→ Task goal:
In the records below, repeat word for word only the lines starting at the one that contains "18 IN X 22 IN" and ending at the one that contains "Rose Floral Sugar", pictures excluded.

→ Task material:
══════════════════════════════
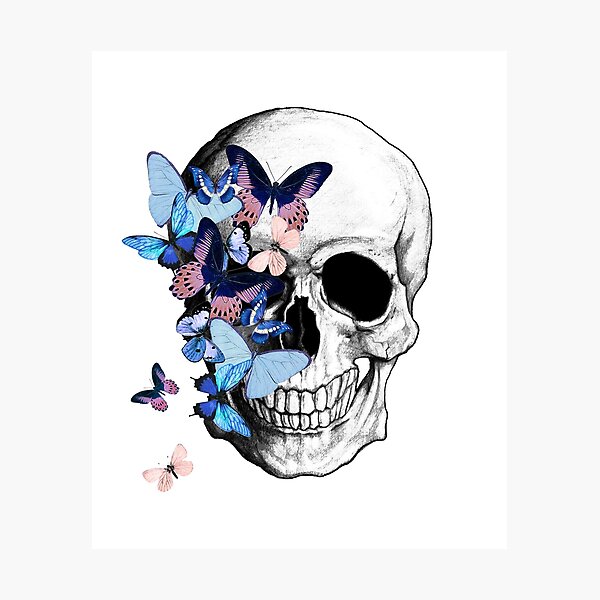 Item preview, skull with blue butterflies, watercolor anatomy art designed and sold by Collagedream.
══════════════════════════════
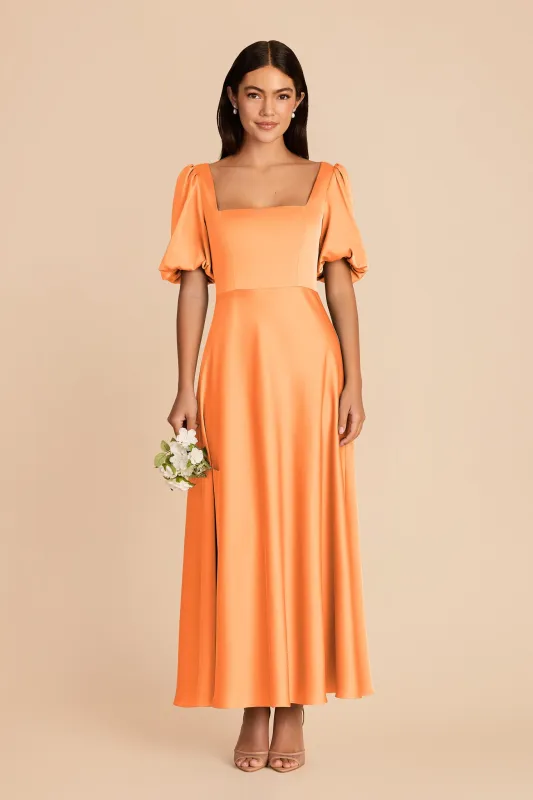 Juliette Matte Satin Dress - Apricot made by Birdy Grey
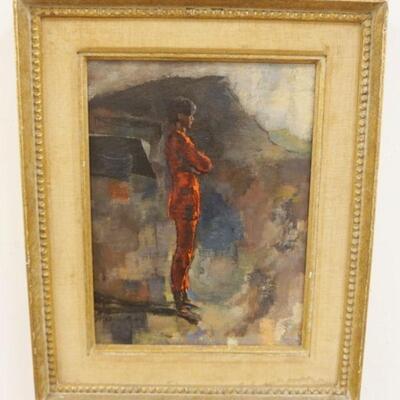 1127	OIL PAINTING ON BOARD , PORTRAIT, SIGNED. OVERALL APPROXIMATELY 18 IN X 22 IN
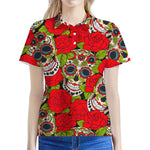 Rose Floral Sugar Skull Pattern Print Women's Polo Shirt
══════════════════════════════
→ Answer area:
 1127	OIL PAINTING ON BOARD , PORTRAIT, SIGNED. OVERALL APPROXIMATELY 18 IN X 22 IN
 Rose Floral Sugar Skull Pattern Print Women's Polo Shirt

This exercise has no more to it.